Clark was writing advertising copy on the Corvette account for Campbell-Ewald, Chevy’s long time ad agency, and he realized that the Corvette’s sales would always be limited by the lack of a back seat. In late 1956, Clark prepared a memorandum for Harley J. Earl, head of GM Styling and passed it along to his contacts at Chevrolet.

Pointing to the less than stellar sales of the Corvette and the competing Ford Thunderbird (then still a two-seater), Clark said that the way Americans socialized would favor the sale of four-passenger vs. two-passenger cars. In charmingly dated language, he described how

“the young American, still clinging to the childhood “gang” concept, prefers to double-date; he is accompanied, not only by his girl-friend but also by his chum and the chum’s girl.”

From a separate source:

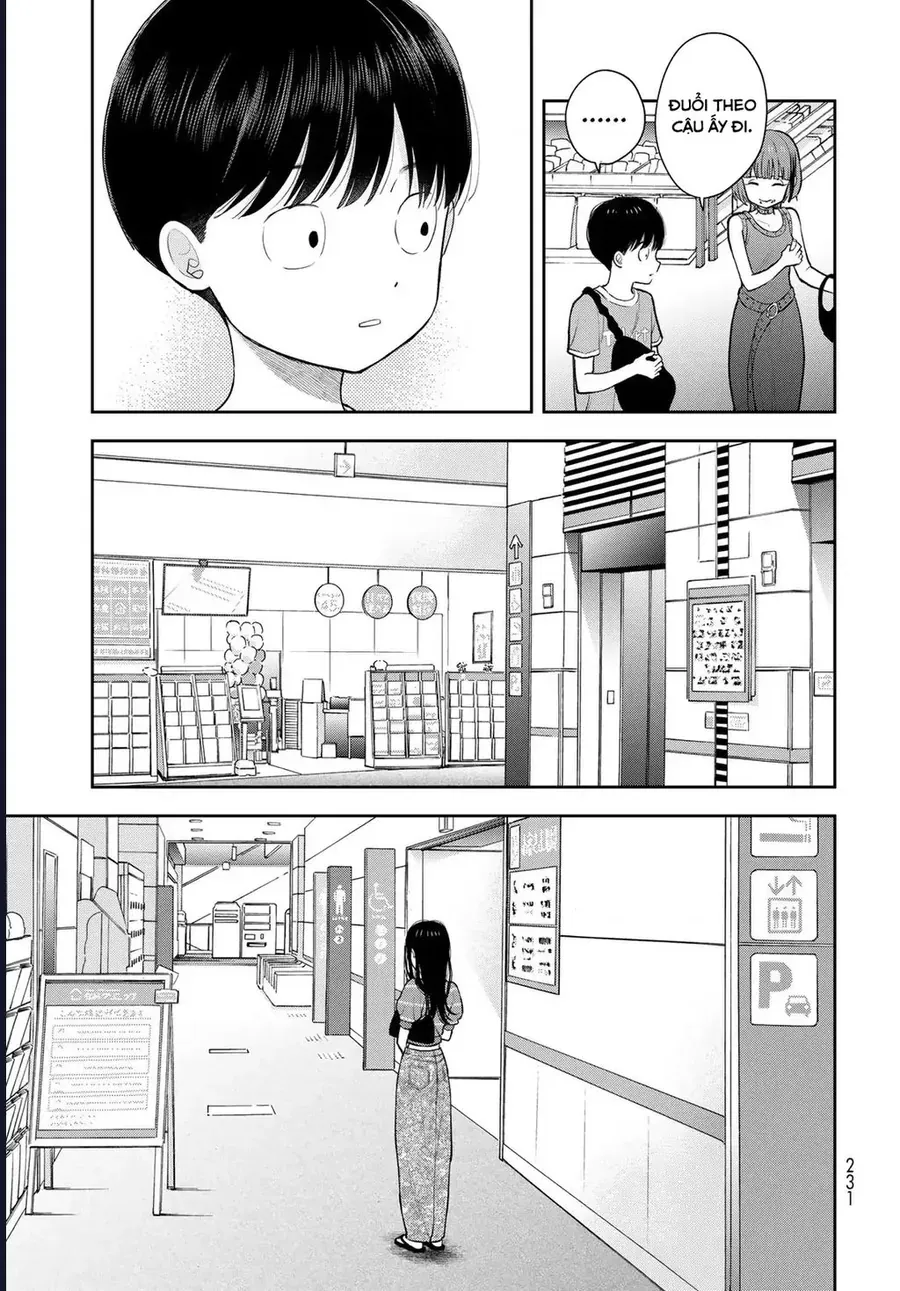 Boku Dake Ga Shitterun Daze Chap 14 - Next Chap 13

Clark’s research also showed that while single men might consider buying a MG or other two-seater, buyer’s remorse quickly set in due to impracticality. Once married, that young American male would have to put aside desires for a sports car, and drive something that could seat children too. Also, the low volume of two-seaters means that they can’t be sold cheaply, pricing them out of the market for young people. A Corvette doesn’t really make a practical second car, in case dad has to pick up the kids after school, or if a couple wants to go out with another couple.

It’s interesting that before laying out what his proposed four-passenger sports car would look like, Clark’s proposal digresses into motorsports. Clark was a strong believer in “win on Sunday, sell on Monday”. What he ended up proposing was a production-based race series that sounds a lot like what Trans-Am became a decade later.

It’s also interesting (remember this was 1956) that Clark says that despite the market handicaps that two-seaters face, and despite the Corvette’s lackluster sales during its first three years (the small block Chevy V8 didn’t show up until the 1955 model year), that “to avoid the embarrassment of confessing defeat” in the face of the Ford Thunderbird, GM could not afford to discontinue the ‘Vette. So he suggested that a larger market four-passenger sports car be built.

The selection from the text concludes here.